Sunday, January 5, 2014

Bernard M Jackson, England



In the temple of my heart’s city
Someone rings the bell
Kindles a lamp
Then gradually
Disappears down the back steps
                                                     (Heart’s city)

In variant worlds of extensive change and often alarming consequence, it is so heartening to be able to share in the realization that the true passion and characteristic sensitivities of genuine human emotion very much remain the constant beacons of hope and reassurance to a society in the making. The concept of human love in the classical world of art, music and literature, collectively, is widely regarded as the very pinnacle in terms of creative endeavour and ultimate achievement.
The entire world loves a lover, so the saying goes, and love poetry has apparently flourished from well before the annals of first recorded time. Having previously been honoured to be invited to review SOME MOMENTS OF LOVE, an impassioned collection of poems by Hamza Hassan Sheikh, a gifted Romantic poet from Pakistan, it is with great pleasure that his second published collection has now come my way for due appraisal.

The title of this work may, to the uninitiated, seem a trifle puzzling, but when one clearly understands that in the same way that various familiar artifacts, within a museum, are necessarily displayed to keep alive our pageant of history, so too a lover, parted from the previously adored one who had been the absolute light of his life, must find it consoling and expedient to arrange memories and significant vignettes in such a way that their respective recollection might never fade:

Though you are dead
And gone from my sight
Yet your figure
Is part of my soul!
                                    (To See You Again)
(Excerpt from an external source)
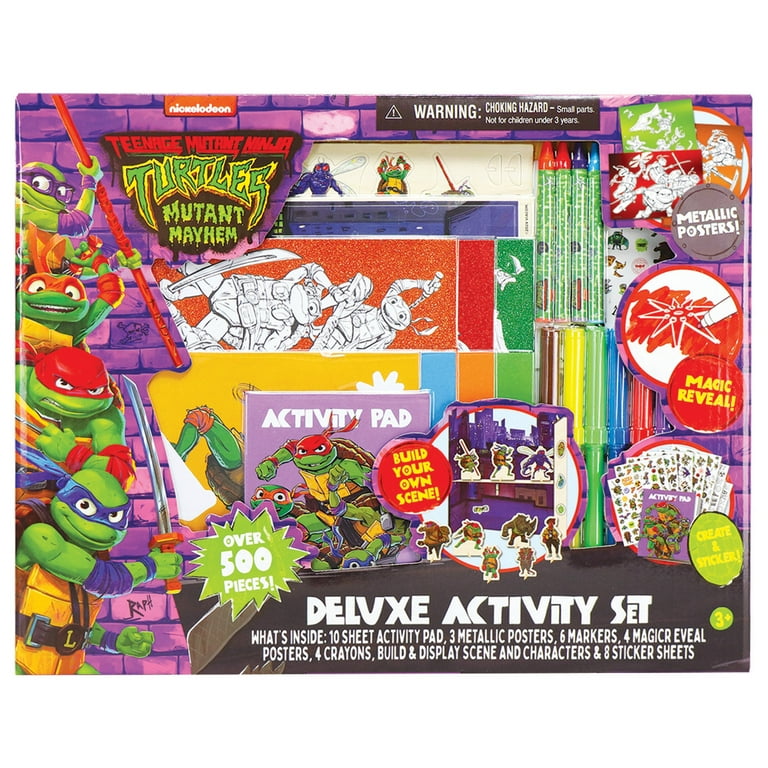 Tara Toys: TMNT Mutant Mayhem Deluxe Activity Set, 500+ Pieces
Death imagery certainly plays its part in the poetry of love, for when one loses one’s life-partner, whether to the death of that person, to the arms of another or even to eventual total separation, it is that same intensity of grief that surviving partner must endure.

Listen! My heart’s slogan
Abide in it like a star
And give me salvation
From this solitude.
                                      (Solitude)

Hamza Hassan Sheikh has previously experienced many of the pitfalls of a doomed romance, but has raised above all recourse and temptation to indulge in self-pity, to transpose his combined feelings of hope, passion, anger and lasting affection into beautiful poetry. The English that he undertakes within his verse is strongly suggestive of how it might have been expressed in his own mother tongue.
There are other poems, too, which indicate the poet’s milder form of temperament. Sparrows, for example is a poem of great simplicity, crafted with a strong element of renewed childlike wonderment. The same can be said for his poem, Sunflower, another short poem that clearly reveals the poet’s life long love of the natural world. In his poem, Hawks of the Air, however he uses bird imagery to the full, to exemplify the courage and dedication of a nation’s brave air force pilots. Another endearing facet of Hamza’s poetry is his unabashed recourse to daydreams-which is again, rather child like in its dream like forays. In his poem, The World of Fancy, Hamza drifts into a fanciful world of the imagination in which he becomes one with the mythical naiads of a land beneath the sea. In a shorter poem that employs sea imagery to a much more serious degree, I was impressed by the following words:

My heart is ocean of grief
Your awarded wound
Will disappear in it
Like a gem.
                                                     (Gem)

A superb collection by an up and coming, young poet of international standing, Many will readily identify with faithfully emergent instances of his remembered past experiences, here crystallized into inspired romantic verse. Highly recommended!